Instructions for the task:
Please retype the records below exactly, omitting any images.
-- Available data follows --
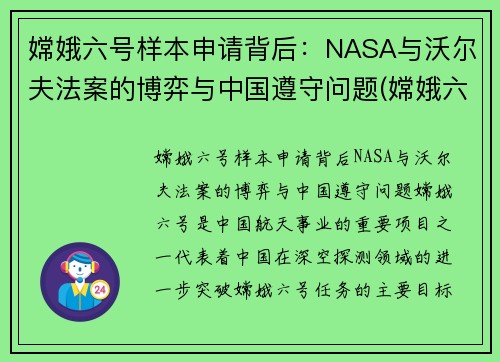 嫦娥六号样本申请背后:NASA与沃尔夫法案的博弈与中国遵守问题(嫦娥六号着陆)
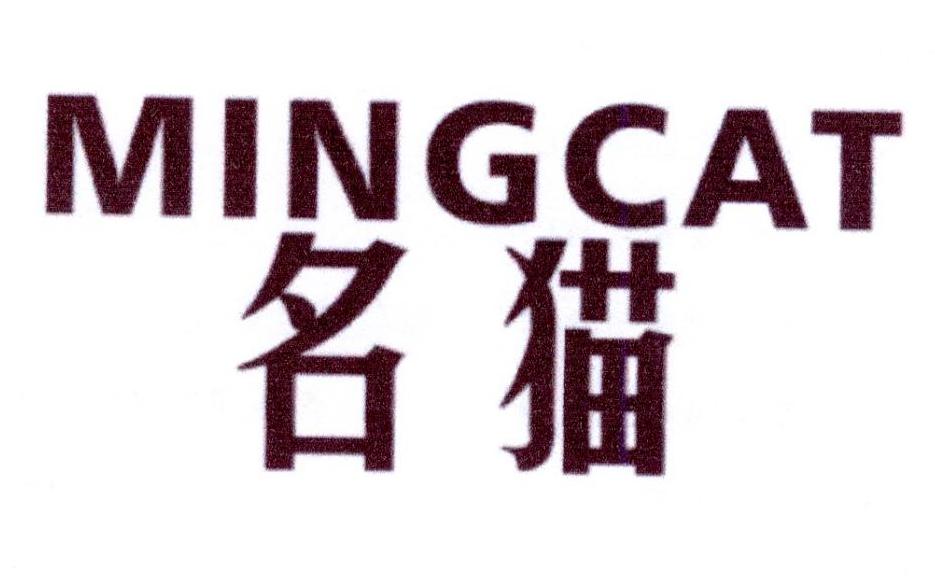 14类-珠宝钟表名猫 MINGCAT商标转让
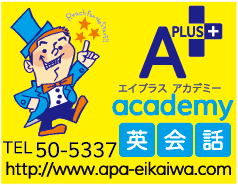 A＋ academy英会話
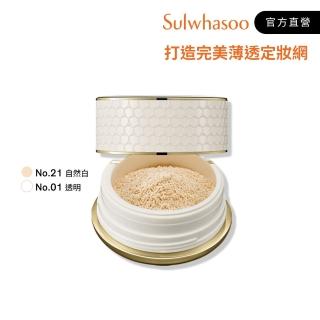 【Sulwhasoo 雪花秀】完美柔焦輕透蜜粉 20g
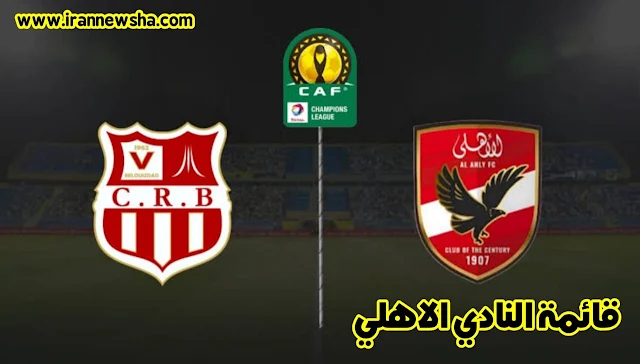 Al-Ahly club list to face Chabab Belouizdad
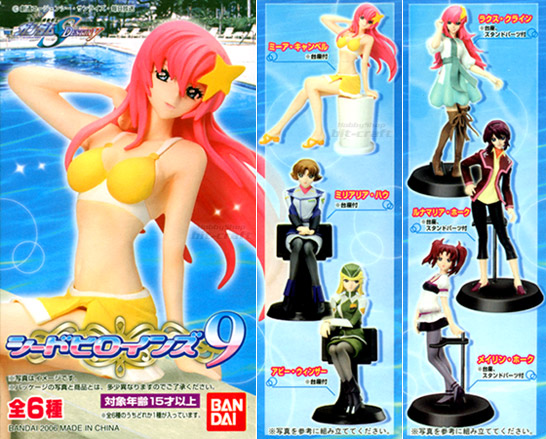 ◇機動戦士ガンダム SEED DESTINY シードヒロインズ 9…『アビー ◇機動戦士ガンダム SEED DESTINY シードヒロインズ 9…『アビー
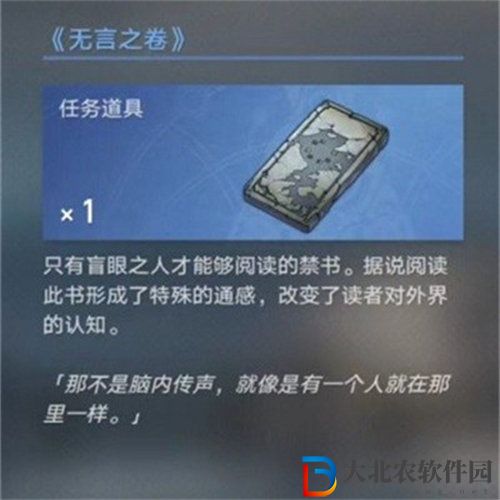 崩壞星穹鐵道永別了丹樞大人任務怎么完成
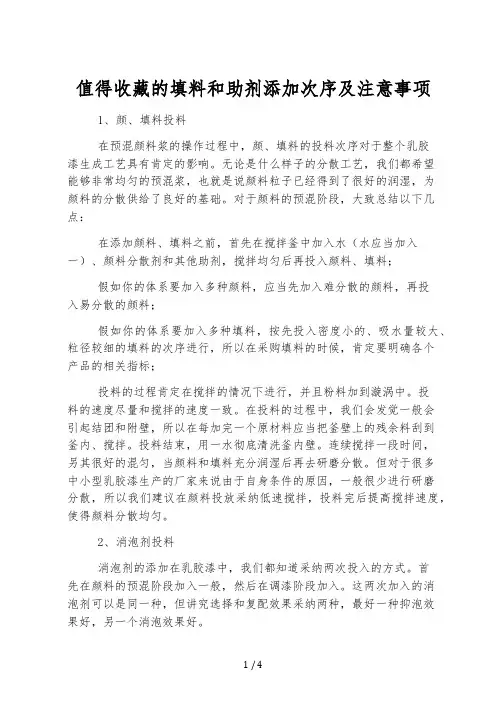 值得收藏的填料和助剂添加顺序及注意事项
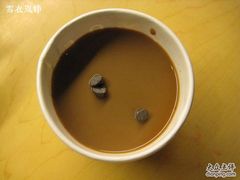 奶茶冻-美丽心情蛋糕(江苏路店)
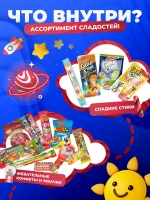 Сладкий бокс для детей Подарочный набор сладостей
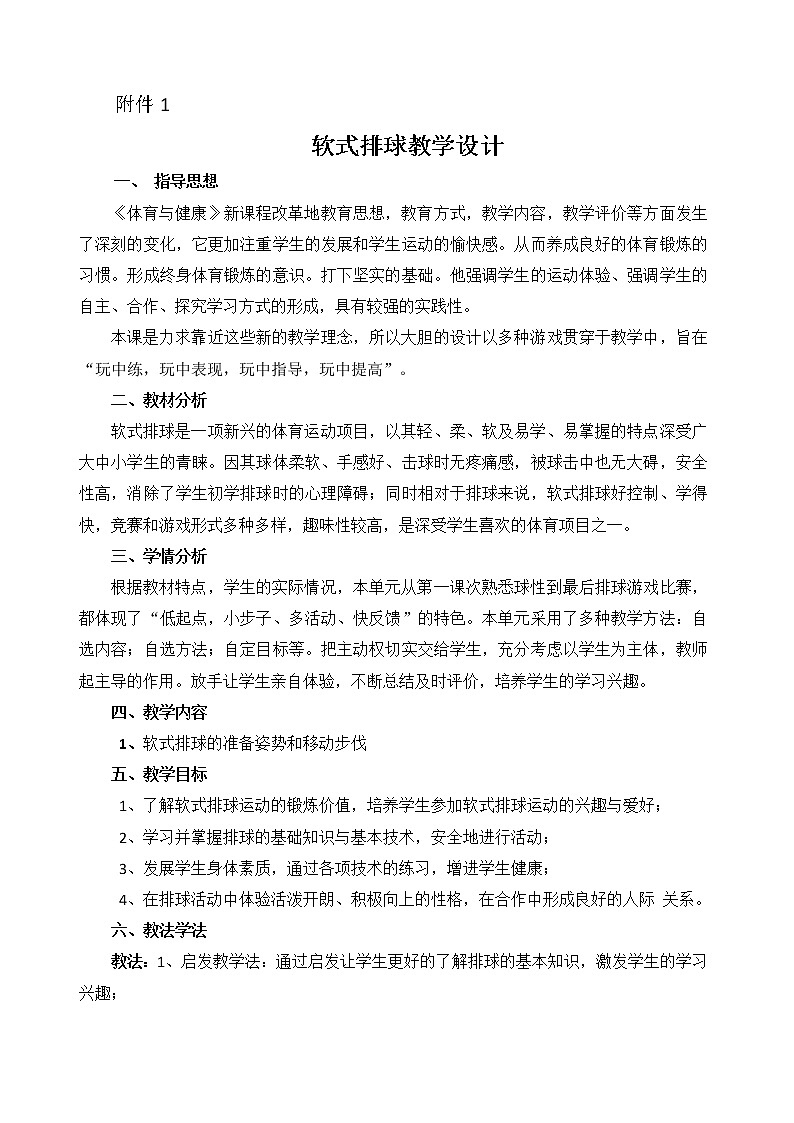 高中体育与健康人教版全一册 7.3 软式排球 教案01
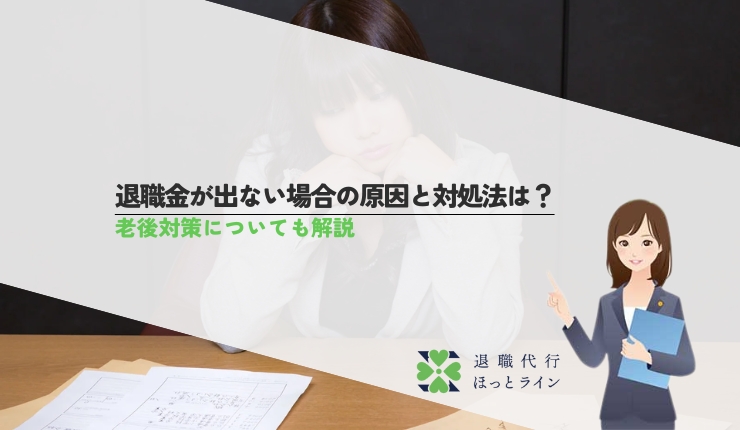 退職金が出ない場合の原因と対処法は?老後対策についても解説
-- Available data concluded --
Response area:
 嫦娥六号样本申请背后:NASA与沃尔夫法案的博弈与中国遵守问题(嫦娥六号着陆)
 14类-珠宝钟表名猫 MINGCAT商标转让
 A＋ academy英会話
 【Sulwhasoo 雪花秀】完美柔焦輕透蜜粉 20g
 Al-Ahly club list to face Chabab Belouizdad
 ◇機動戦士ガンダム SEED DESTINY シードヒロインズ 9…『アビー ◇機動戦士ガンダム SEED DESTINY シードヒロインズ 9…『アビー
 崩壞星穹鐵道永別了丹樞大人任務怎么完成
 值得收藏的填料和助剂添加顺序及注意事项
 奶茶冻-美丽心情蛋糕(江苏路店)
 Сладкий бокс для детей Подарочный набор сладостей
 高中体育与健康人教版全一册 7.3 软式排球 教案01
 退職金が出ない場合の原因と対処法は?老後対策についても解説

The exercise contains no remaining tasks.